▶ _ACTIVITY_
Print nothing except the lines of the listing below from the line with "RE:DESIGNED EST 2003" to the line with "Car Toy Tent", each exactly as written, both ends included.

▶ _DATA TO PROCESS_
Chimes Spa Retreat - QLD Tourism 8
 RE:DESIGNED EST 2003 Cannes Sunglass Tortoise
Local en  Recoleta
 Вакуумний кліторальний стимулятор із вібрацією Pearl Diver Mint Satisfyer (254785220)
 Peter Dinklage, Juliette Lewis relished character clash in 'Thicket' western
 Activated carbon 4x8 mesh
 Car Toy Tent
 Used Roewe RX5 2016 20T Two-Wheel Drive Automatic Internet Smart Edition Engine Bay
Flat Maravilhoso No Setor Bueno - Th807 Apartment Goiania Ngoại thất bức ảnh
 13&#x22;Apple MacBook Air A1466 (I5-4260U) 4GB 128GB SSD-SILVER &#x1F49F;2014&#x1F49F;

▶ _RESULT OF THIS EXERCISE_
 RE:DESIGNED EST 2003 Cannes Sunglass Tortoise
Local en  Recoleta
 Вакуумний кліторальний стимулятор із вібрацією Pearl Diver Mint Satisfyer (254785220)
 Peter Dinklage, Juliette Lewis relished character clash in 'Thicket' western
 Activated carbon 4x8 mesh
 Car Toy Tent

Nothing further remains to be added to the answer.